Don’t give up on speed work – just don’t take it too seriously
If you’re trying to perform well over 50 or 100k on the road, I’m sure interval sessions have their place in an ultramarathon buildup. But I’m not convinced that marathon sessions of the kind described last week are likely to improve your performance in an ultra-trail race. It’s more likely to leave you injured. That said, speed work is the best way to remind your body that race pace is far slower than you’re capable of running.

What I did: I would regularly include 10 x 100m strides on my weekday runs, usually on the grass. 10 x 10sec hill sprints were another way in which I got my legs turning over, fooling my body into feeling like it was still capable of speed. These micro efforts left the body fresh for the runs that mattered. Runs like:

The long long run
A couple of times I did back-to-back long runs at the weekend (20 miles on Saturday, 20 miles on Sunday). But nothing prepares you for an ultra better than spending four or five hours running, however slow.

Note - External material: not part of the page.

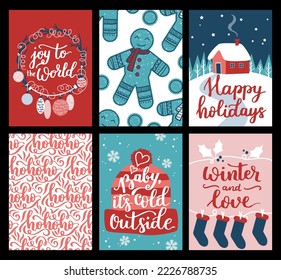 Colección vectorial de plantillas de afiches de Navidad. Nuevo año 2023 juego de tarjetas de felicitación de navidad. Colores brillantes. regalos y letras escritas a mano para tu invitación y diseño.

What I did: During the buildup to the Beacons Ultra, I managed two 30-mile runs and one 35 miler, all of them off-road. I might not recommend three 26+ mile runs to those unaccustomed to high mileage, but I think it’s wise to do at least one long long run during an ultra marathon buildup. They provide the best opportunity to get into the following two habits.

Eat and run
While you can get away with sticking to gels in a marathon, for anything further, you’re going to need solids. Get used to running with proper food and give yourself a few options.

What I did: on long runs, for every hour that passed, I had something to eat: a banana, a Natural Valley or a Cliff Bar. I’ve no idea of the nutritional content of these items – I can’t imagine a pro pulling out a Nature Valley – but they seemed to go down ok, and they took the edge off the hunger.

All the gear
If you’re running a race of up to three hours in length, I say don’t worry about kit. Pull on the Karrimor short shorts and crack on. But for anything longer, it pays to have the right gear. That’s not say expensive gear – just something that works (in the case of waterproofs) and that is comfortable (in the case of tops and tights and race packs). If you finish a 20 miler with mild chafing, imagine the damage after 50.

What I did: I was never going to need my compulsory kit (whistle, compass, space blanket) in Epping Forest, but I took it anyway. It’s not just getting used to the weight of the pack; it’s learning how to pack your bag so that it sits comfortably on your back and so that the important things are accessible.

If you feel like you’re running too slow, go slower
It’s obvious, but it should never be underestimated: If race pace is going to be three minutes per mile slower than marathon pace, get used to it.

What I did: with long long runs and back-to-back long runs, it was quite easy to clock up to 100 miles a week. I reached a point that will be familiar to any marathoner who is nearing their target race: that permanent state of weariness. In reality, it took very little effort to go slow, but telling myself that it was ok to do so? That was much, much harder.

This week’s running

Monday: 7.46 miles in 55:37 (AM); 6.14 miles in 44:29 (PM)
Tuesday: 5.95 miles in 44:39 (AM); 5.81 miles in 42:40 (PM)
Wednesday: 1.61 miles to Regents Park track; 10.01 miles, including 15 minutes at 5:40m/m, 3 minutes easy, 5 x 4 minutes at 5:20m/m, 3 minutes easy, 15 minutes at 5:40m/m; 1.7 miles back to the office
Thursday: 6.10 miles in 46:02 (AM); 7.41 miles in 55:16 (PM)
Friday: 7.56 miles in 56:23; 5.63 miles in 42:05 (PM)
Saturday: 2.62 miles in 20:00 to Hackney Marshes; 4.34 miles in 25:38 (6 x 3 minutes on the grass); 2.06 miles in 16:05 warm down.
Sunday: 20.01 miles in 2:33:00 (7:39 m/m) off-road in Kent

2 Replies to “From marathon to ultramarathon: how to adjust your training”

  1. Thanks Sam this has been really helpful in the lead up to my (ridiculous) attempt to try an ultra in June. Im also aiming to win, which im sure is completely achievable. My only concern is that itll be too easy!